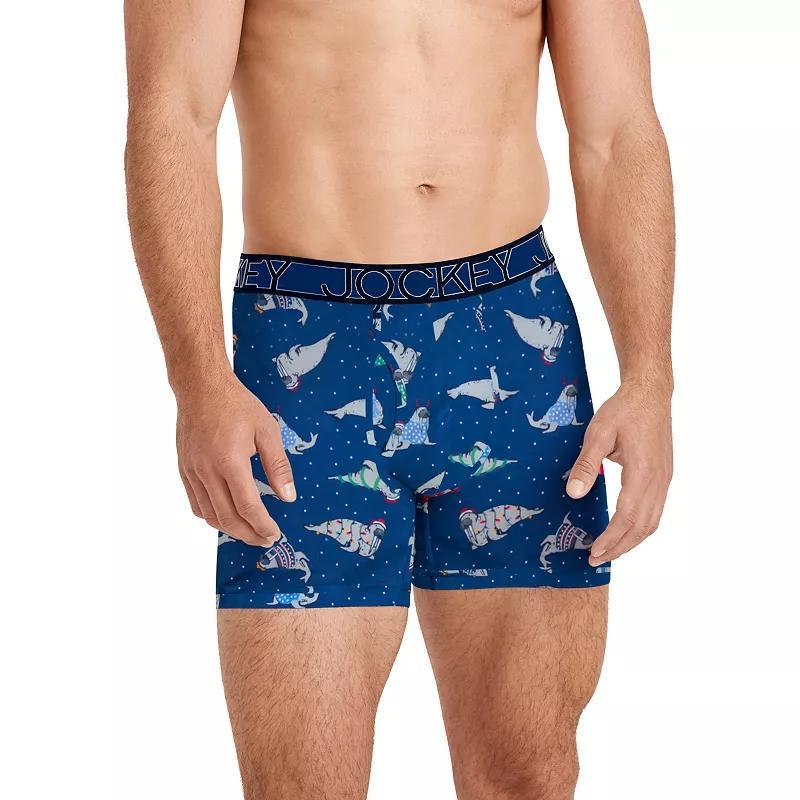 Mens Jockey Active Microfiber 5 Holiday Novelty Boxer Brief Product Image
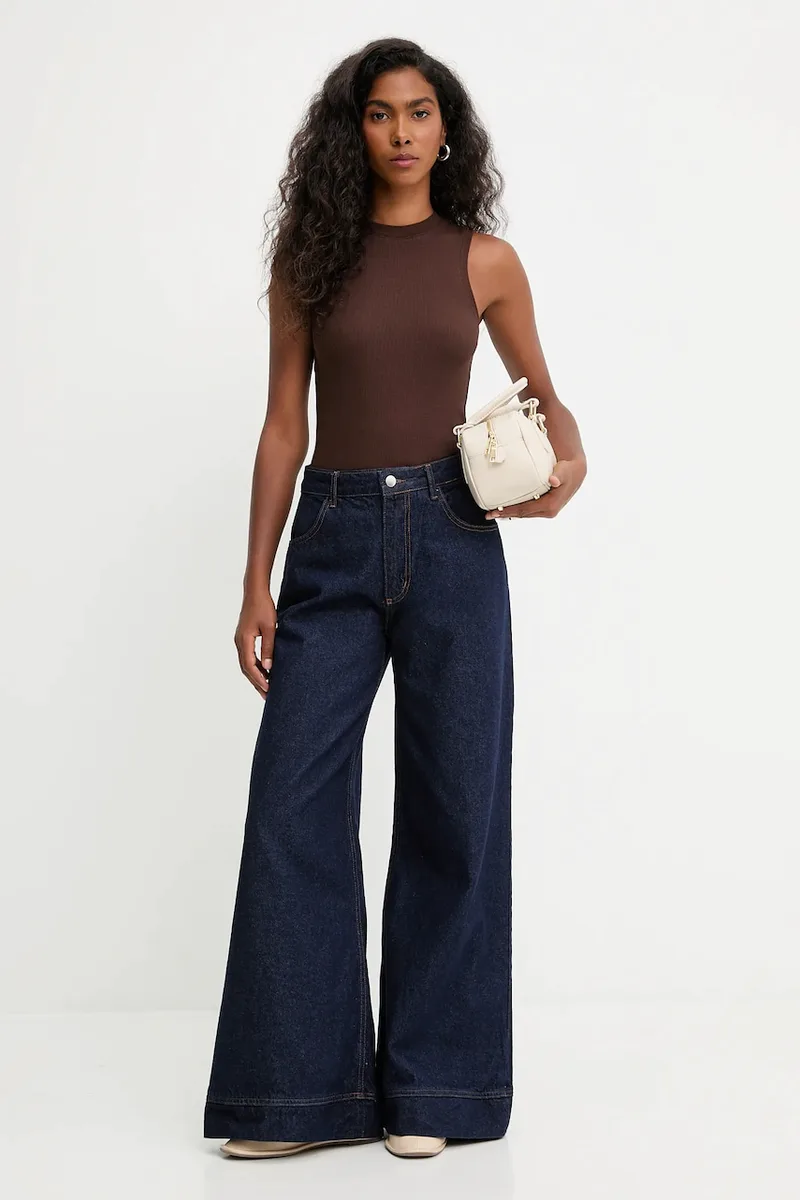 Answear.LAB τζιν wide leg γυναικεία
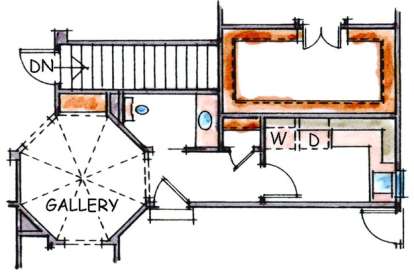 Optional Basement for House Plan #402-01061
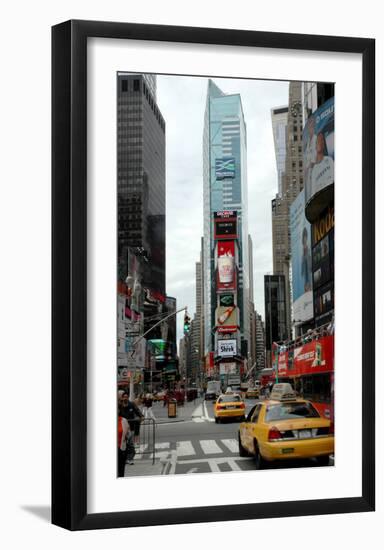 Times Square South-Igor Maloratsky-Framed Art Print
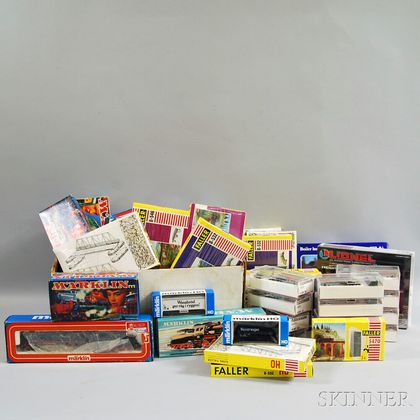 Large Group of Model Trains and Accessories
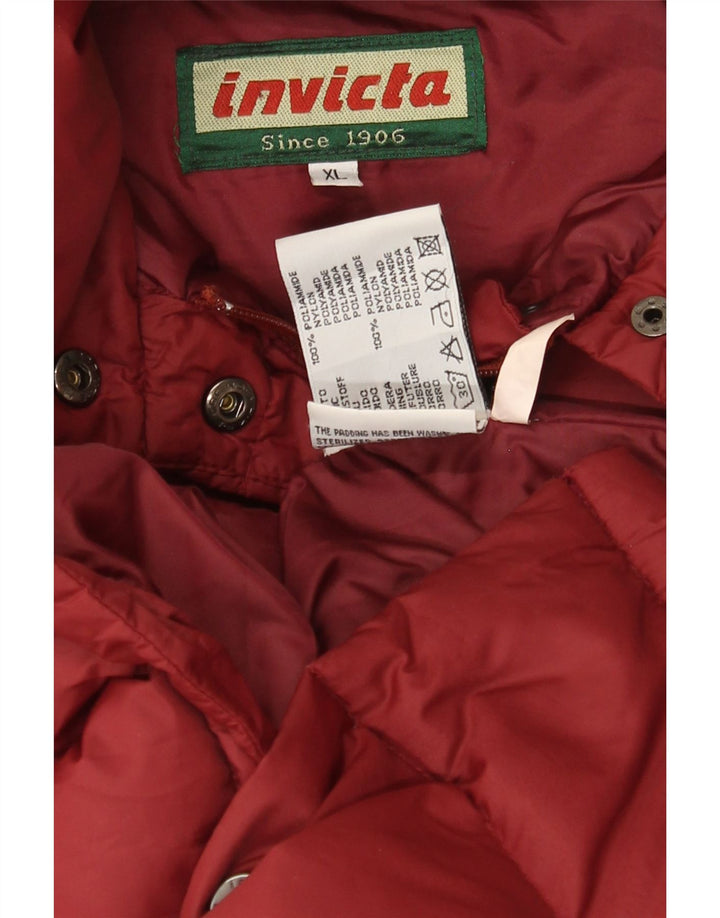 INVICTA Womens Oversized Hooded Padded Coat UK 18 XL Red Polyamide Vintage Invicta and Second-Hand Invicta from Messina Hembry 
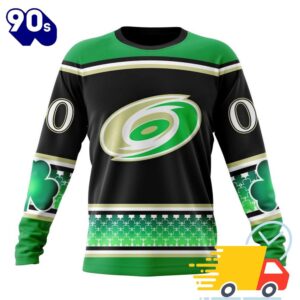 Personalized NHL Carolina Hurricanes Specialized Unisex Kits Hockey Celebrate St Patrick's Day All Over Print Shirts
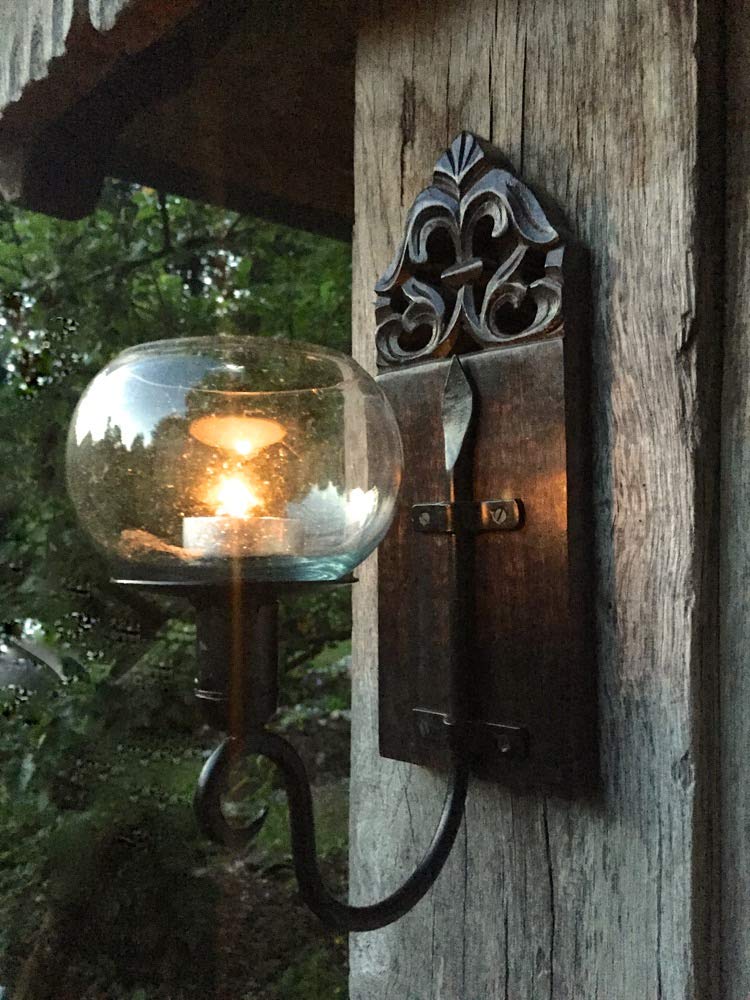 Antikas - Windlicht im Kolonialstil - handgefertigt Wand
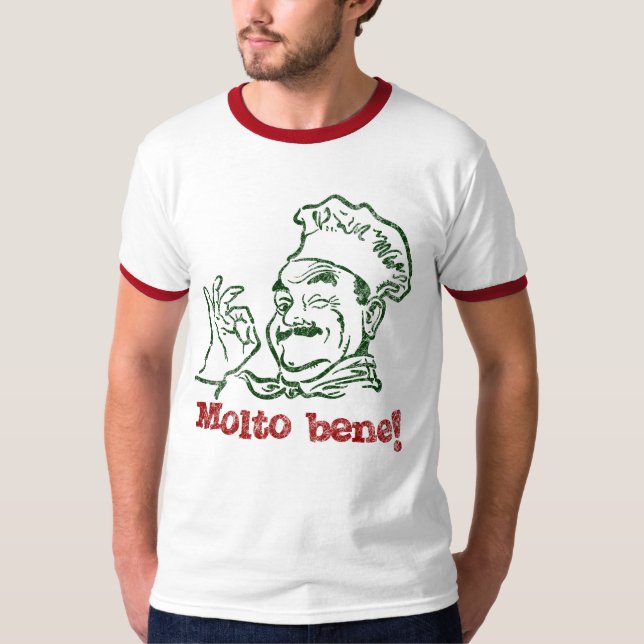 "Molto bene!", Vintage Tee Shirt (Framsida)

**Task brief**
Output exactly, and only, the lines running from the line containing "Large Group of Model Trains and Accessories" to the last line of the entries above, omitting the pictures.

**Answer**
 Large Group of Model Trains and Accessories
 INVICTA Womens Oversized Hooded Padded Coat UK 18 XL Red Polyamide Vintage Invicta and Second-Hand Invicta from Messina Hembry 
 Personalized NHL Carolina Hurricanes Specialized Unisex Kits Hockey Celebrate St Patrick's Day All Over Print Shirts
 Antikas - Windlicht im Kolonialstil - handgefertigt Wand
 "Molto bene!", Vintage Tee Shirt (Framsida)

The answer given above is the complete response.